[RFC] New generic graph storage format

Fri Sep 7 13:25:44 BST 2007

On Thu, 2007-09-06 at 21:16 -0700, Keir Mierle wrote: 
> I've been working on replacing bzrlib.index.GraphIndexBuilder and
> bzrlib.index.GraphIndex with something offering operations which
> are all better than linear for the cases we care about.

Cool. Thank you for taking up this challenge. I may come across as
kindof picky below, but its simply because this part of the
infrastructure gets a lot of load put on it with wildly varying
constraints - latency, bandwidth, cpu, memory, branch vs log vs merge vs
tree construction.

I've put a copy of one of the converted mozilla branch .tix indices at
http://people.ubuntu.com/~robertc/0.tix. Its 95M or so in size :).

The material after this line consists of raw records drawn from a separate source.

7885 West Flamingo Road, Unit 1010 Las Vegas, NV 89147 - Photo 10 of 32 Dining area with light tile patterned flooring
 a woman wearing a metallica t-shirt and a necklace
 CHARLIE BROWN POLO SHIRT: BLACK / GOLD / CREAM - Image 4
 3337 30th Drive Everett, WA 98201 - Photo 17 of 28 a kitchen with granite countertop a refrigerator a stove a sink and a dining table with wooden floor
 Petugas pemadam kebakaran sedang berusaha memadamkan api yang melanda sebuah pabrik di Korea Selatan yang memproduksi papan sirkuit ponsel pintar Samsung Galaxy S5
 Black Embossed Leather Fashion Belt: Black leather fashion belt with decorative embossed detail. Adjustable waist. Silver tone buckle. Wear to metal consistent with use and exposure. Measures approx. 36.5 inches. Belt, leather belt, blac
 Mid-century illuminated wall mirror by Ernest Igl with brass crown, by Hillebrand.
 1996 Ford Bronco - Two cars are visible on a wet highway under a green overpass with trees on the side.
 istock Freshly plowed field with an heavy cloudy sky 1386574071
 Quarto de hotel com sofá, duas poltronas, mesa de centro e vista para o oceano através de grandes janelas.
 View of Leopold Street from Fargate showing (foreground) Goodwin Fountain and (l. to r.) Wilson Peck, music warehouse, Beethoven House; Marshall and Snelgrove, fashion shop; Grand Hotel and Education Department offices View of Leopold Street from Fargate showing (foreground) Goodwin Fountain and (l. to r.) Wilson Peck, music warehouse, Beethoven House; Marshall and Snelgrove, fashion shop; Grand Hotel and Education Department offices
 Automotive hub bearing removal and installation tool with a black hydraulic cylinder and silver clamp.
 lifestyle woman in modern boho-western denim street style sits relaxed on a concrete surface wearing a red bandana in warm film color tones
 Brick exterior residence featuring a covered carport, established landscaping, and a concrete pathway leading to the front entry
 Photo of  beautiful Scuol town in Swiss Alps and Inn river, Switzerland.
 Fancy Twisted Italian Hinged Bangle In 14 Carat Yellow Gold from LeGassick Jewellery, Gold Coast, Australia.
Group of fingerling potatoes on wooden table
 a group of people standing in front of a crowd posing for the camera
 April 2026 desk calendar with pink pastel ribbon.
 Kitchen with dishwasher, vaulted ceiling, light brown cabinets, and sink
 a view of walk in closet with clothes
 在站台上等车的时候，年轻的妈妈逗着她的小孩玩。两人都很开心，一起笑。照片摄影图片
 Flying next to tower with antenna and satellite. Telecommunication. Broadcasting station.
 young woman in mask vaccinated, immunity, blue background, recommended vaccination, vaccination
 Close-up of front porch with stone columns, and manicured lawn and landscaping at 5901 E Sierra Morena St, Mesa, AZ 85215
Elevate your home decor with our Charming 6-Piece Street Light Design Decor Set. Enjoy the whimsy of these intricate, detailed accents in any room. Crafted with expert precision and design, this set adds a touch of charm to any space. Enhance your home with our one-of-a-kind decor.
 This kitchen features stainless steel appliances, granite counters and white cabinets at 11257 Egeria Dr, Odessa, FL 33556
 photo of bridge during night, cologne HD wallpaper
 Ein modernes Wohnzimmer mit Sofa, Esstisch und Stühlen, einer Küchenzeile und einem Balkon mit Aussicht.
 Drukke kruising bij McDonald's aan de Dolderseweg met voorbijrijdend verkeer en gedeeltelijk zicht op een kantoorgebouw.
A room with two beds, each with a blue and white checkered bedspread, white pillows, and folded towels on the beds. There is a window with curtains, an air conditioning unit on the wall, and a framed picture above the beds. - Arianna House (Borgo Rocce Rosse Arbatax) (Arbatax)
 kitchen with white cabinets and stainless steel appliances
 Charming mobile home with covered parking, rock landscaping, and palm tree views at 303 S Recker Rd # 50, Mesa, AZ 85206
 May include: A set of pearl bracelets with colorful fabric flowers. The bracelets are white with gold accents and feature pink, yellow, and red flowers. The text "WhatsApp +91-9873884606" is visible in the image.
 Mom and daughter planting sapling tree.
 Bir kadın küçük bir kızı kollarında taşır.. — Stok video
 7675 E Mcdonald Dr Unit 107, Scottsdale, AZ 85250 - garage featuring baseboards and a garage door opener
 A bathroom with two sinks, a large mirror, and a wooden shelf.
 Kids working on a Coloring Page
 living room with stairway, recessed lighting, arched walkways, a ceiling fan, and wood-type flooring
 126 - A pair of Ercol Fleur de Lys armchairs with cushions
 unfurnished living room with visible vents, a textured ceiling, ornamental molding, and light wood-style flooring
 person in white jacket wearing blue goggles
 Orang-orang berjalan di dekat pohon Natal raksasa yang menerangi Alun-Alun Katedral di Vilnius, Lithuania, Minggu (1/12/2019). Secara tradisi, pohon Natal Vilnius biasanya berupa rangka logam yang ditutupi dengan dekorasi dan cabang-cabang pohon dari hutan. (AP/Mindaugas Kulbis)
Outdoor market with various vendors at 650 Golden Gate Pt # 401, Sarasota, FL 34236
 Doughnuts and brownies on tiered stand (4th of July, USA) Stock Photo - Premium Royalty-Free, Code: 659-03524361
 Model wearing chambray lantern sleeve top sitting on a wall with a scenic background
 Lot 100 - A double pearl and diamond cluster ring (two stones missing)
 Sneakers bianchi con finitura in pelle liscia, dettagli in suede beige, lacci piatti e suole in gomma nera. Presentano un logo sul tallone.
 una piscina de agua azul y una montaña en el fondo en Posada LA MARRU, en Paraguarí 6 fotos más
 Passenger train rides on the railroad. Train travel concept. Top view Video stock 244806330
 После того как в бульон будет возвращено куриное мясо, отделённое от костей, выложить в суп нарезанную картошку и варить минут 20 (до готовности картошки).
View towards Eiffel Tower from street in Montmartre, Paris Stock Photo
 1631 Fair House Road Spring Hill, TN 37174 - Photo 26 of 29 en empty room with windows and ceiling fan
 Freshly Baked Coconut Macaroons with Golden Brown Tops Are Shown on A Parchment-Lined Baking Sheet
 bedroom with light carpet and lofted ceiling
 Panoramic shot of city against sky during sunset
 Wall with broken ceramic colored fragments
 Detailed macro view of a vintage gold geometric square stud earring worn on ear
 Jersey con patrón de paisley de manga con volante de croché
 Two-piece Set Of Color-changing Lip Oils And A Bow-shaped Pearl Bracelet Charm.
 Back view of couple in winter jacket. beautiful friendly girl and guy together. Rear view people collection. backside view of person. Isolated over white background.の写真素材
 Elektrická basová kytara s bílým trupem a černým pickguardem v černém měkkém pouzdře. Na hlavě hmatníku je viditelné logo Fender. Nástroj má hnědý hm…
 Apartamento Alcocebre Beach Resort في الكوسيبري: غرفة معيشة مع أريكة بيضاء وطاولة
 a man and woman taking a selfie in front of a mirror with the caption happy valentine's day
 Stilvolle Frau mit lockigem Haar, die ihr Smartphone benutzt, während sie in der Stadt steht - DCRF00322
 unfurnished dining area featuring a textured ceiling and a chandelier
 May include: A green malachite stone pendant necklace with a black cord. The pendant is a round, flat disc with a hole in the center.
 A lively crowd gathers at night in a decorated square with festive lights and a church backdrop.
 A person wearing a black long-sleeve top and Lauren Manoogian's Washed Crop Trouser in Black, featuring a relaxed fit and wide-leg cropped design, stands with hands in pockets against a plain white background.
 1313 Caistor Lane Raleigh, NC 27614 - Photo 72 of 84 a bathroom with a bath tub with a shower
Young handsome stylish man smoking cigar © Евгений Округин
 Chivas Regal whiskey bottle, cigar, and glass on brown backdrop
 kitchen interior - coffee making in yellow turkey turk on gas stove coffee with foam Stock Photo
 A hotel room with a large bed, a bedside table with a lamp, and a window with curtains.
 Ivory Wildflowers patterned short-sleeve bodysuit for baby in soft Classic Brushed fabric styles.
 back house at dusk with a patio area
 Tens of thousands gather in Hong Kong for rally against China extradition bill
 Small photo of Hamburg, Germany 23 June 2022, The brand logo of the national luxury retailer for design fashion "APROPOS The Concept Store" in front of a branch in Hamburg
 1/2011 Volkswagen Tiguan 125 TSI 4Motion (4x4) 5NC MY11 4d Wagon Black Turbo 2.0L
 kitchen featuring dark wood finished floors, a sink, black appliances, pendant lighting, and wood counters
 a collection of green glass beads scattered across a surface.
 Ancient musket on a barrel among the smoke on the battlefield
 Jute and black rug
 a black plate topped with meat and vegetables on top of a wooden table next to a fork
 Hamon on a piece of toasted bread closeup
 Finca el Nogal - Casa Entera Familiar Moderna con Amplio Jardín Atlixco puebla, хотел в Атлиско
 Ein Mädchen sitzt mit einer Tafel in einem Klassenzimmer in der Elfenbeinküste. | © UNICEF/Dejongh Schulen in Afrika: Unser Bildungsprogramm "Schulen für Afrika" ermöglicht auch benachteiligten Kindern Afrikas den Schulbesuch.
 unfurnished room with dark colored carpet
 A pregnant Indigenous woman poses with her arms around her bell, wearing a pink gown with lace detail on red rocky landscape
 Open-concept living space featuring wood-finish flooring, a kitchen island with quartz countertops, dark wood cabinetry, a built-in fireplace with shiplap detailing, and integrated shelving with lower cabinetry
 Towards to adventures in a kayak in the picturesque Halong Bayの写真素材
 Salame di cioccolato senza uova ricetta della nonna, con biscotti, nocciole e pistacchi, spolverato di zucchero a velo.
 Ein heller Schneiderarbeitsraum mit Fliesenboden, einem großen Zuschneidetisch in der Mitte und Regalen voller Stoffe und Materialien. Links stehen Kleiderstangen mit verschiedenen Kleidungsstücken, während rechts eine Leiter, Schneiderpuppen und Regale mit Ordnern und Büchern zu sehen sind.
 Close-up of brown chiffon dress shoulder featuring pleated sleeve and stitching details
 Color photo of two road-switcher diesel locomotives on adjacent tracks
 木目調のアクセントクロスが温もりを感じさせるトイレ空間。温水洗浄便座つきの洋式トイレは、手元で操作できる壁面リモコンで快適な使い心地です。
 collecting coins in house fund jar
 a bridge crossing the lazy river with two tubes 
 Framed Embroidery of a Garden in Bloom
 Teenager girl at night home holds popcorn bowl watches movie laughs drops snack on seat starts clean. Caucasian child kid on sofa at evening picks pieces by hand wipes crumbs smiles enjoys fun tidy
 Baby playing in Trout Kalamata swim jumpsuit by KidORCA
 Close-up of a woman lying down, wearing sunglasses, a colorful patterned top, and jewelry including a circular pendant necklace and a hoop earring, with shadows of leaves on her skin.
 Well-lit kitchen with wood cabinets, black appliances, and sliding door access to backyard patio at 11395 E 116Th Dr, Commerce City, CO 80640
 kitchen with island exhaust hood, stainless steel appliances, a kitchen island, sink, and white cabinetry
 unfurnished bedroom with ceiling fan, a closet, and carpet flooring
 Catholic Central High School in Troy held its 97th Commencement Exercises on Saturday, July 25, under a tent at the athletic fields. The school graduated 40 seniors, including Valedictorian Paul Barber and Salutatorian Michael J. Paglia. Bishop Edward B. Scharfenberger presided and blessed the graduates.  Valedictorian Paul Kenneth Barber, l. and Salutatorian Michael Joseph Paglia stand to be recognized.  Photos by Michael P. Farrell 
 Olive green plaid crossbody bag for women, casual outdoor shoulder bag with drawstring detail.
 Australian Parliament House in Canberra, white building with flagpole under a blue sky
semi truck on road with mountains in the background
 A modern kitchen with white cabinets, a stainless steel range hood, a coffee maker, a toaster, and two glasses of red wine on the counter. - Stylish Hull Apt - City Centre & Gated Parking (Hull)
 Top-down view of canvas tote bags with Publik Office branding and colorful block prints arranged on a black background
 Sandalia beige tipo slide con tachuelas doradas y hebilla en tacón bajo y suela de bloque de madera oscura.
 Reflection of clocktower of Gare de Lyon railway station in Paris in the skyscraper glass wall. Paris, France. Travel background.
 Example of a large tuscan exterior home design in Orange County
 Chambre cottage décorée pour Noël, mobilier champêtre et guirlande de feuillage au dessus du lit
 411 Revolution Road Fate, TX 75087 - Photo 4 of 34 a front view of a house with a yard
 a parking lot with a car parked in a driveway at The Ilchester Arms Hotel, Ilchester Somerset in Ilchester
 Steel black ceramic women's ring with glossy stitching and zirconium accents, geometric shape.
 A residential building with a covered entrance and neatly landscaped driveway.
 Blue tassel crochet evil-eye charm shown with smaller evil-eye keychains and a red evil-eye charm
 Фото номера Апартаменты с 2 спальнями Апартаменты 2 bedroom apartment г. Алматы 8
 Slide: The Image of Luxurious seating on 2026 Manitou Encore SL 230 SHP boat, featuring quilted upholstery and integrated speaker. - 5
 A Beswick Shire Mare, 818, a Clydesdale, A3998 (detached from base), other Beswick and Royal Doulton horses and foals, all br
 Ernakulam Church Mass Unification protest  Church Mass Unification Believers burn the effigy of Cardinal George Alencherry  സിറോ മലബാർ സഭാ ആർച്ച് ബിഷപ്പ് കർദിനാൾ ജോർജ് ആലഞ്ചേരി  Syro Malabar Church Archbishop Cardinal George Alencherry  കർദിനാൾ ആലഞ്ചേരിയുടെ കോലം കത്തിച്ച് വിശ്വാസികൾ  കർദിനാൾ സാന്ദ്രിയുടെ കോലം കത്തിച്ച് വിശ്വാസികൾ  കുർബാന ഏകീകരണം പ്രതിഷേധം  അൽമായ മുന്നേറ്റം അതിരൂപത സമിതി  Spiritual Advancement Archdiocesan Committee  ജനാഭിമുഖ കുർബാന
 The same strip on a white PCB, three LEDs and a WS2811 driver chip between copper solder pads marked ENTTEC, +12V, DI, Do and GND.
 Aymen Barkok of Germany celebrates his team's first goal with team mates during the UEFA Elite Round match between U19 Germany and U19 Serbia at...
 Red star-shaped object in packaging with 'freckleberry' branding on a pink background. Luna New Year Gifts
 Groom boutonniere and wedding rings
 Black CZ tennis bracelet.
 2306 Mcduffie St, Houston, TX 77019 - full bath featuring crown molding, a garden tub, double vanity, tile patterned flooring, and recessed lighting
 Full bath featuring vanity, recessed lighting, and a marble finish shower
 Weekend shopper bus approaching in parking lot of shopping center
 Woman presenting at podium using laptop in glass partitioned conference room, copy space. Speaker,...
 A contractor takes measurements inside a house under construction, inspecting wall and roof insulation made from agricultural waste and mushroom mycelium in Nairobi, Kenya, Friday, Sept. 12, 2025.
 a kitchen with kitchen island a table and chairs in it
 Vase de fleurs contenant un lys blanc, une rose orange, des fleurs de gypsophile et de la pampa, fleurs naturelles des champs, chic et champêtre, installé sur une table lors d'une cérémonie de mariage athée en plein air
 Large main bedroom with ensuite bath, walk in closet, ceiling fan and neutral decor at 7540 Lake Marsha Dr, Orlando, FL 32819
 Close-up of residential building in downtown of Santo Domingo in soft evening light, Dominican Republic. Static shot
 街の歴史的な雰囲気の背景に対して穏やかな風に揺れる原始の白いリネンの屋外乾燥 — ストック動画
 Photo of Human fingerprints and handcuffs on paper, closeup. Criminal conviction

It should provide solid sample data, though its not in the most recent
version of the current graph index code - its missing the index record
count header - but that should be easy to tweak. I'm going to reconvert
to the current format the moz knit repository and when thats done I'll
submit another copy for you.

This index is pathological - there are no merges in it at all. Typically
though 1 in three (IIRC) commits are merges in modern histories, but it
is still useful for considering scaling properties experimentally. e.g.
'how long to find the knit hunks to read to reconstruct text XXX over a
300ms SFTP link with 512K per second bandwidth.', or 'how long to find
the knit hunks to read to reconstruct <set of texts for the entire
tree>'.

> First, an introduction. The GraphIndex, as it stands, is used for
> several parts of bzrlib. However, it does not expose an interface
> conforming exactly to the idea of an abstract graph, because the
> GraphIndex 'knows' that a key may be a tuple of subkeys, and it
> also allows multiple reference-lists to be stored.

I think there are two things conflated here. The key being a tuple of
strings is not the same as the key being a tuple of subkeys. If you
think of a composite index in e.g. postgresql, a key in that index is
the entire tuple.

Allowing multiple reference lists was a decision taken because of the
relative size of keys and references - e.g. for the 0.tix I've uploaded.

717921 rows
size of a key reference - 9 bytes
101534630 total bytes
2 key references per node (its pathological).
so ballparking - 12M/96M is in node references, the rest in the each
node is encoding overhead or the key at that position.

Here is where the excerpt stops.